I’ve wanted to become a lawyer since … forever. My dad’s a lawyer. My step-mother was a lawyer. My great grandfather Cyril E. Childe practiced in front of the Nebraska Railroad Commission, but we’re not sure he even attended law school.
There’s actually a court case saying the practicing of administrative law in front of an executive agency like the Nebraska Railroad Commission can only be done if you have a license. My great-grandfather was the named party in the case.
In the end we have a long family history of service to others and being lawyers who like to get angry.
5. Tell us more about that realization you had while finishing up law school…
Of the 47 people in one of my final law classes, there were just two prior service members in that room. And this was in Texas.
Law school can be the door opener for a lot of things – virtually all politicians have law degrees. You have to know the rules to be able to change the rules.

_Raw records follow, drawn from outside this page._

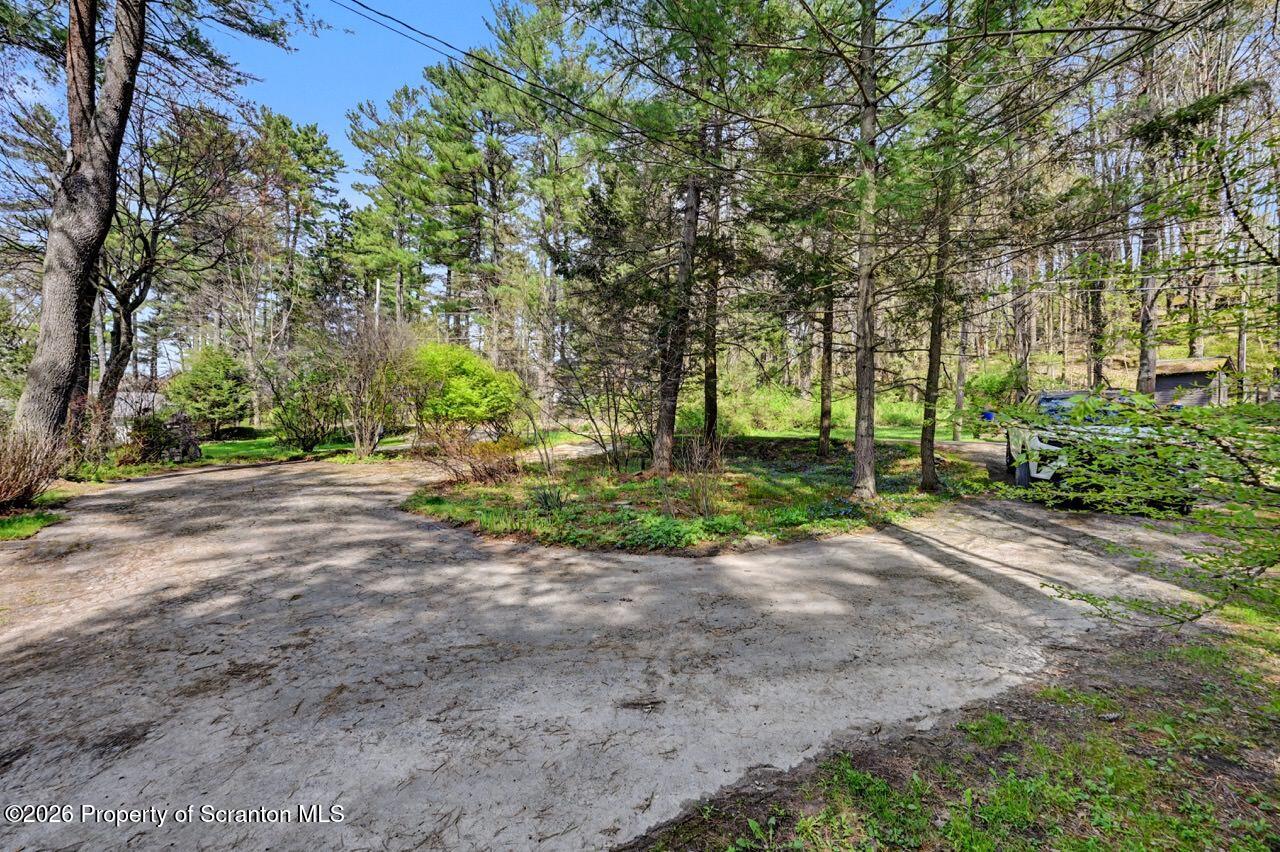164 Pinewood Road Fleetville, PA 18420 - Photo 59 of 60 164 Pinewood Rd 59 Large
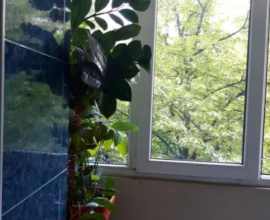 Apartament 3 camere Zona Mihai Bravu etaj 2/4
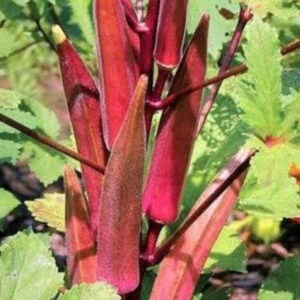 Red Okra Hybrid [20+ Seeds]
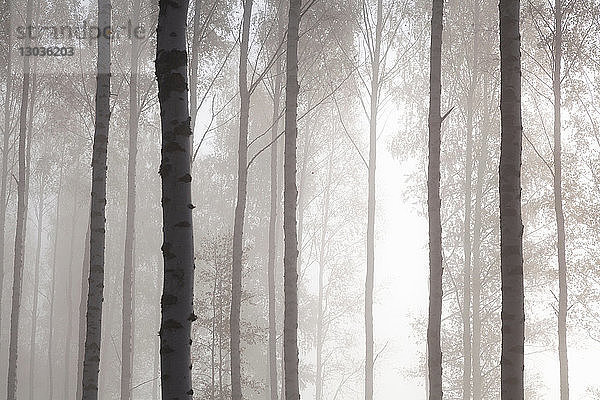 Waldbaumstämme im Nebel  Lohja  Südfinnland  Finnland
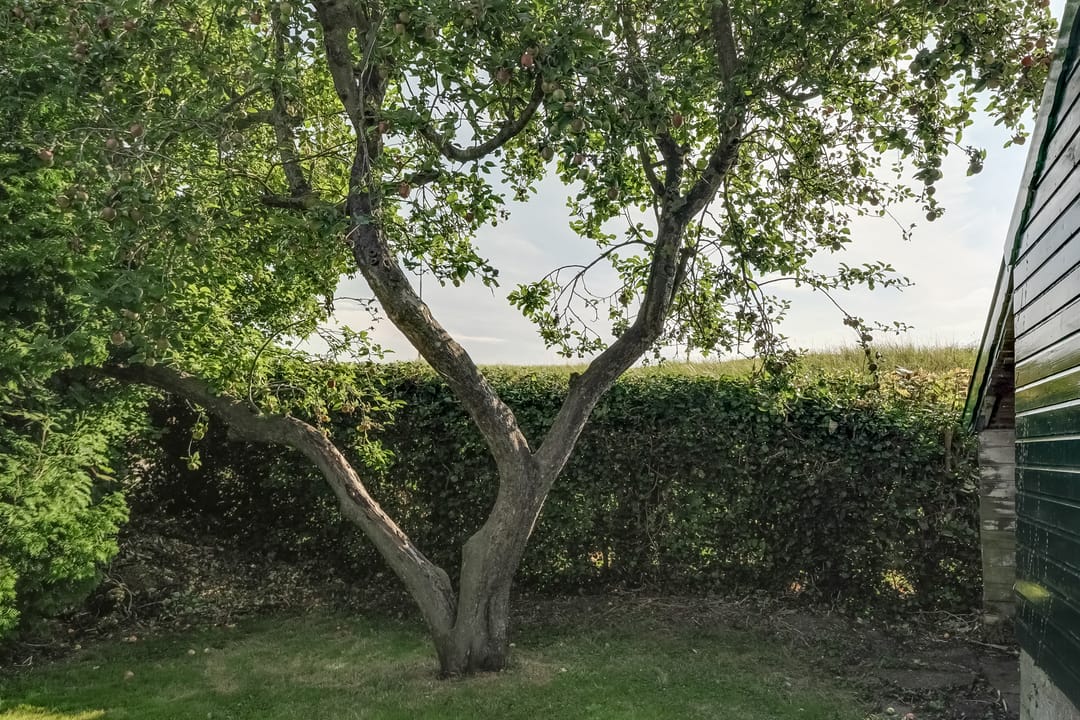 Photo 31 of Oosterleek 2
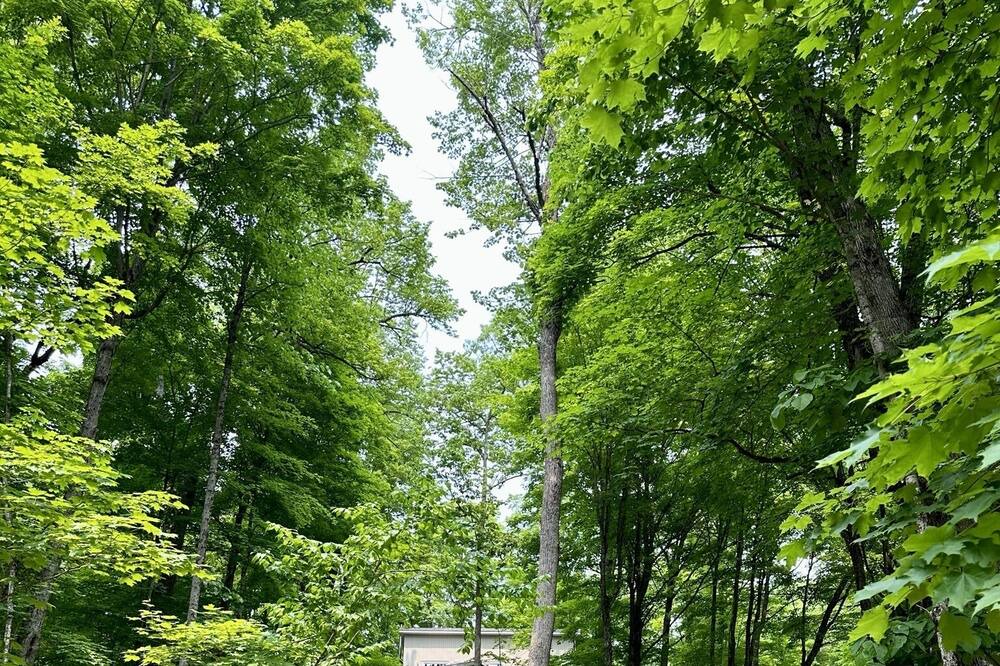 Photo of Outdoor in Minden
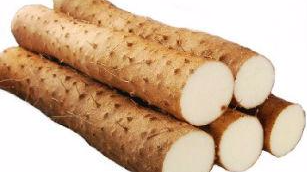 三圳九岭淮山热销　产值达500多万元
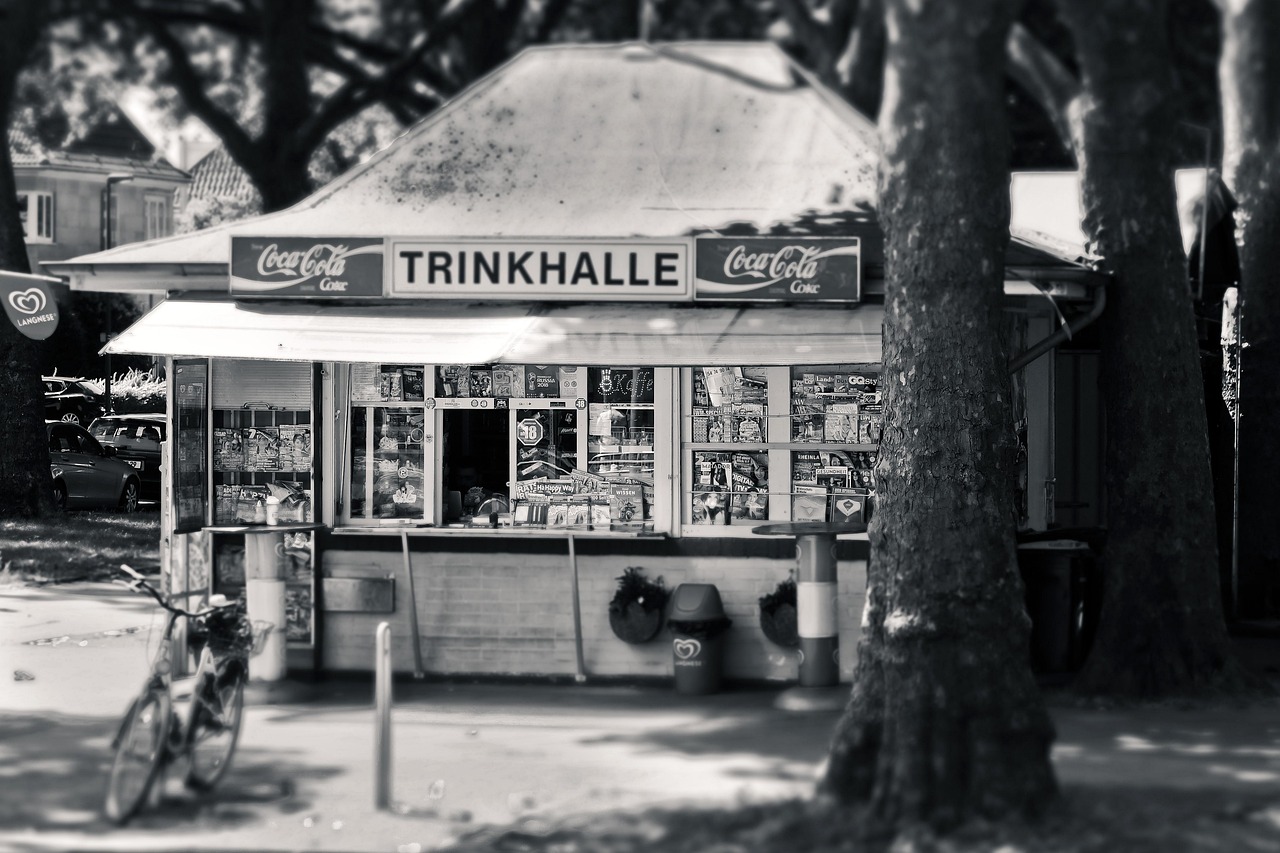 林萃路最新动态,蜕变中的城市脉搏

But the number of people who have served who are in elected government is astonishingly small.
6. Why did you come on board at Best Buy earlier this summer?
I said this in my interview … Best Buy is the last standing consumer electronics retailer. And I want to be part of that. I want to see what we can do with that. That challenge is what gets me up in the morning.
7. How rewarding is it to see people bridging the gap between veterans and the public?
The other day on the plane, I saw a guy with an Operation PTSD cap.
It made me stop, appreciate, and realize how proud I am that there are people out there who are working so hard to bridge the gap. And that’s what the Best Buy military network is there, to bridge the gap.
And it’s not just between the military prior service and civilian life, but the other way, too … for civilians to understand people with military prior service. I’m so proud to be part of that.